What is expected: Omit each picture as you copy the entries exactly.
○ ○ ○ ○
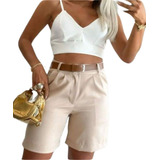 Bermuda Feminina Short Longo Alfaiataria Com Cinto Fashion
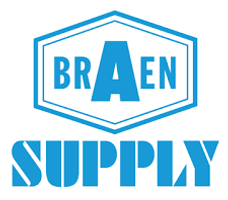 Logo for Braen Supply: blue text, enclosed in a hexagonal border, above the word 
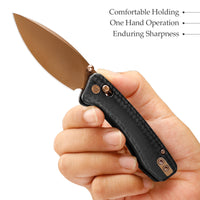 Koala-CG Crossbar Lock EDC Folding Pocket Knife,2.56'' N690 Steel Blade, Carbon Fiber G10 Handle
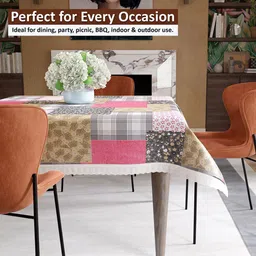 Kuber Industries Black & Pink Geometric Printed Waterproof 4-Seater Table Cover image 5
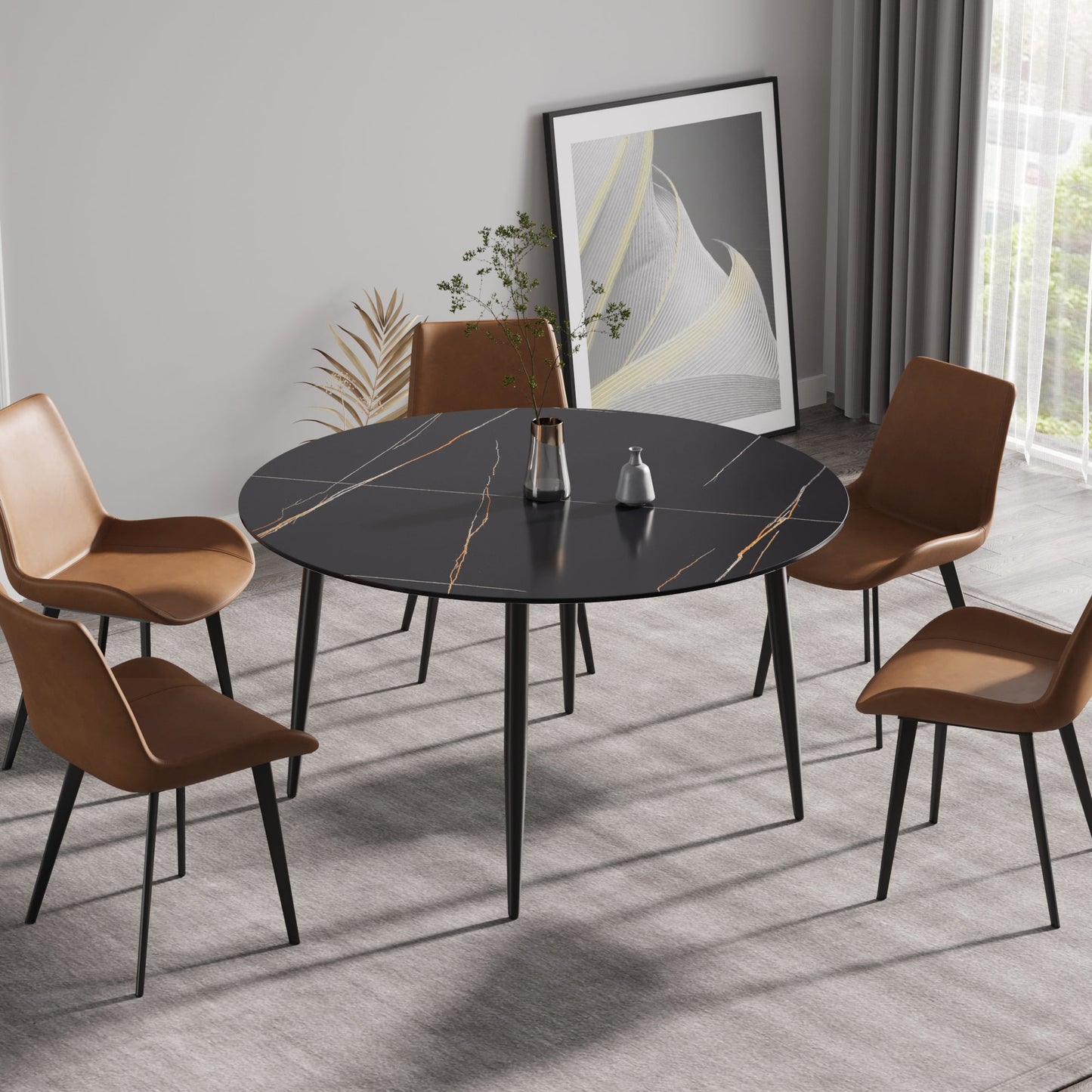 Saffron 53" Modern Artificial Stone Dining Table with Black Legs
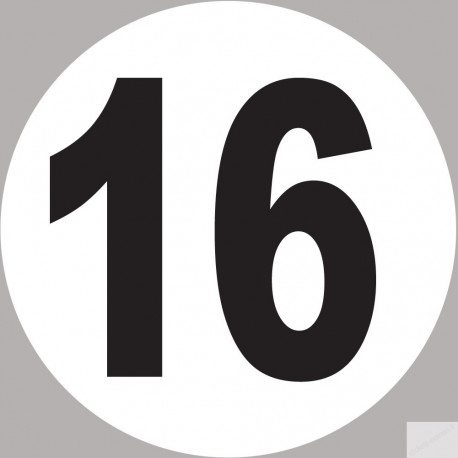 numéro 16 - 10x10cm - Sticker/autocollant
○ ○ ○ ○
Result of this task:
 Bermuda Feminina Short Longo Alfaiataria Com Cinto Fashion
 Logo for Braen Supply: blue text, enclosed in a hexagonal border, above the word 
 Koala-CG Crossbar Lock EDC Folding Pocket Knife,2.56'' N690 Steel Blade, Carbon Fiber G10 Handle
 Kuber Industries Black & Pink Geometric Printed Waterproof 4-Seater Table Cover image 5
 Saffron 53" Modern Artificial Stone Dining Table with Black Legs
 numéro 16 - 10x10cm - Sticker/autocollant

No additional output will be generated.